Unforgiveness will destroy your relationships, shatter your self-image, and hinder your ability to experience a vibrant walk with the Lord. Practicing unforgiveness is serious and will cause a whole slew of unwanted troubles in your life. Reconcile what can be reconciled, restore what can be restored, create healthy and loving boundaries where needed, and always choose to practice forgiveness. Forgiveness is not forgetting, it is not being a doormat, and it is not condoning how you were wronged. Forgiveness is the way in which you are truly set free from the chains of vengeance, victim-hood, and bitterness. Forgiveness is letting go of the hurt and not letting it control your life.

Reasons We Don’t Forgive

1. The betrayal was too great.

The lie sounds like this: That’s right, what they did was unthinkable and you could not possibly forgive such treachery. You are in pain, you are embarrassed, and frankly, what they did was downright unforgivable.

The truth says, “Truly, all sins and blasphemes will be forgiven.” Mark 3:28

2. They aren’t deserving.

The lie sounds like this: They hurt you, and they could not possibly be worthy of the kindness of forgiveness. They are undeserving of such mercy. They aren’t sorry, they haven’t apologized, they are evil, and they care not one bit how they have hurt you.

The truth says, “Forgive as the Lord forgave you.” Colossians 3:13

3. We don’t want to be hurt again or look like fools.

The lie sounds like this: You look like a fool. Self-protect and save face! You must look tough and guarantee that never happens again. Talk bad about the one who hurt you. Make them look like the loser so you can look like the unscathed winner.

The truth says, “Humble yourselves before the Lord and He will lift you up.” James 4:10

4. We see ourselves as a victim and the other as the perpetrator.

The lie sounds like this: You are an innocent victim, they are a guilty culprit.
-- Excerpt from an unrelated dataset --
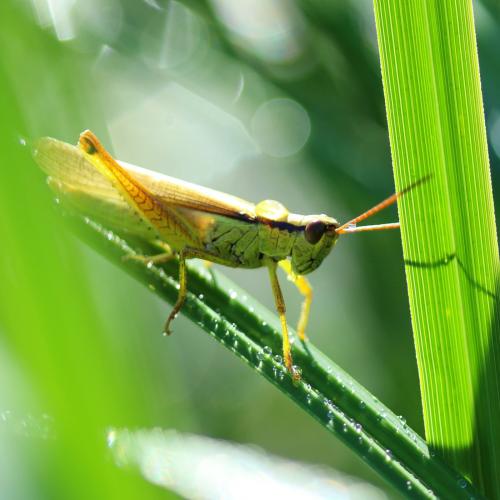 Réf. 347 545 : Mecostethus parapleurus parapleurus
Lick your wounds, enjoy your pity party, and be sure to tell anyone willing to listen how you have been hurt. Tell them how terrible this person is and how blameless you are.
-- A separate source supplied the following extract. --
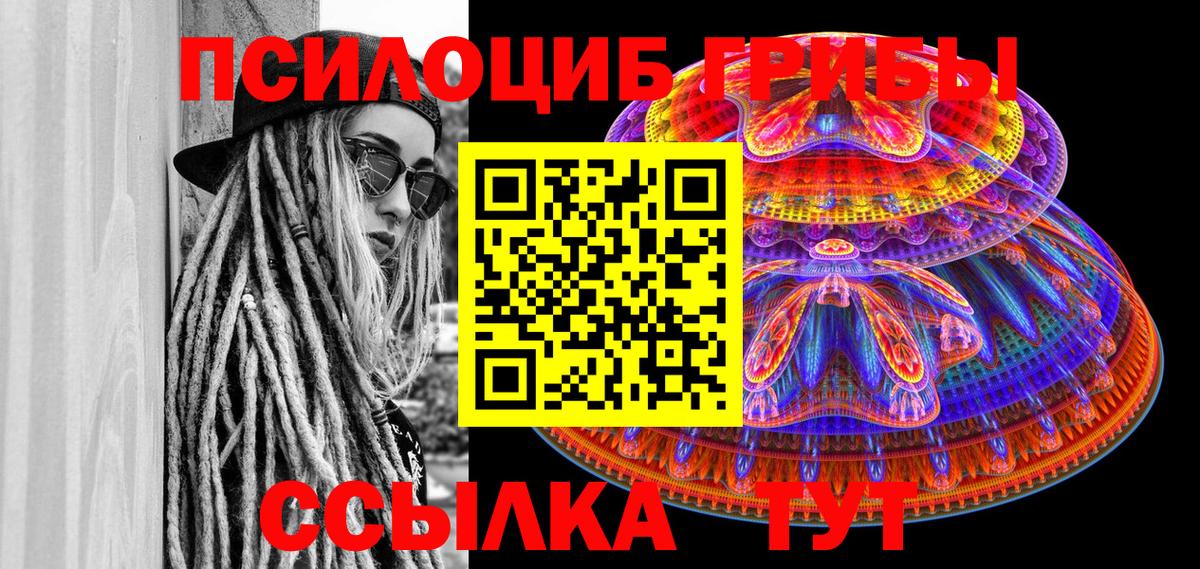 Псилоцибиновые грибы мицелий Куйбышев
The truth says, “For all have sinned and fall short of the glory of God.” Romans 3:23

 

 

There are plenty other seemingly good reasons not to forgive. Living a Christian life means that forgiveness is always on the table with God’s help.

A Biblical Perspective

I love God’s word because it always speaks straight to our problems and remains relevant through all ages and to all generations. If we ever think God doesn’t get it, just open His word and you will find wisdom and guidance at every turn. As we look to expose unforgiveness, I want to highlight what God’s word offers about forgiveness because the world’s way is not the only way.

1. Being forgiven by God is connected to our willingness to forgive others (See Matthew 6:14-15)

2. Staying angry lets the devil run amok (See Ephesians 4:26-27)

3. Pray for your enemies (See Matthew 5:44)

4. Vengeance is the Lord’s (See Romans 12:19)

5. Put away the worldly ways (See Ephesians 4:31-32)

6. Since God forgives, we should forgive (See Psalm 86:5)

The Results: What happens when we don’t forgive

Fostering unforgiveness will make us hard-hearted. It will hinder us from experiencing freedom and forgiveness from our own sins and mistakes. When choosing the way of unforgiveness, our whole life begins to revolve around the incident of hurt and betrayal. With hardened hearts, we become ripe ground for bitterness, resentment, and anger. These will overwhelm you and take away your joy and the abundant life that God has for you. With unforgiveness comes the loss of mercy, compassion, and love. We turn inward, fostering self-centeredness, pushing people away, and forgetting to take care of others. Unforgiveness is a poison to your spirit, your relationships, and your life.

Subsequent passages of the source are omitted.